Programming Note: First – I want to give a big thanks to my dad for writing last week’s post and helping my vacation be more restful. He is a great man, and I hope you enjoyed his writing. Second – because next week is Holy Week, there won’t be a post on Tuesday. Instead, I will post on Good Friday and Easter.

Psilocybin, also known as magic mushrooms or shrooms, is a recreational, hallucination-inducing drug. A good friend of mine (Henry) has a good friend (Jim), who takes shrooms and swears it is the greatest experience of his life. Henry, a strong Christian, has been evangelizing to Jim and has declined offers to takes shrooms. Jim recently said this to Henry:

“How arrogant is it of you that you are asking me to explore Christianity and your faith, but you aren’t willing to take shrooms and explore what is the greatest thing I have experienced?”

Even though I think Henry is justified in his actions, it’s a fascinating question and challenge that Henry shouldn’t brush aside. Let’s explore.

Have you ever heard someone say, “I’m not a religious person?” This statement is made the same way I tell people I’m not a coffee person. Some people give me a weird look or tell me I’m crazy for not drinking coffee, but most people don’t think twice about it because it’s a matter of personal preference.  Even if someone loves coffee, they can’t argue if I simply don’t like it. The same can be said for shrooms – they cause an experience, and some people may love that experience, but some may not.

But can we say the same for Christianity and the Gospel? Unfortunately, our culture thinks so.

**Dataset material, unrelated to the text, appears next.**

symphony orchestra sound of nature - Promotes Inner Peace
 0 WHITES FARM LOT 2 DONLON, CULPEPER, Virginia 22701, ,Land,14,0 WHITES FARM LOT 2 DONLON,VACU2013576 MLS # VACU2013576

The culture views the Gospel and Christianity as an experience that may not be for some people, but this is erroneous. The Gospel is not a matter of personal preference or an experience. Rather, the Gospel is the truth that Jesus rose from the dead, and that in doing so, proved He is the Son of God and King of the world. If true, this Gospel is a fact that remains true even if I prefer it isn’t true.

The Gospel does, however, have implications that can be compared to personal preference and experience. In the thesis of his letter to the Romans, Paul says that the Gospel is the power of God for salvation to all who believe – it seems crazy that anybody’s personal preference would reject this. The Gospel also implies that we are all sinful people who need fundamental transformation and who need to submit to God – it’s easy to see why our personal preference rejects this.

This is a glimpse of why someone’s preference might reject the Gospel (or rather the implications of the Gospel), but this is different than rejecting shrooms or coffee. The implications of the Gospel are rooted in the truth of the Gospel, the truth that because of Easter, Jesus is King.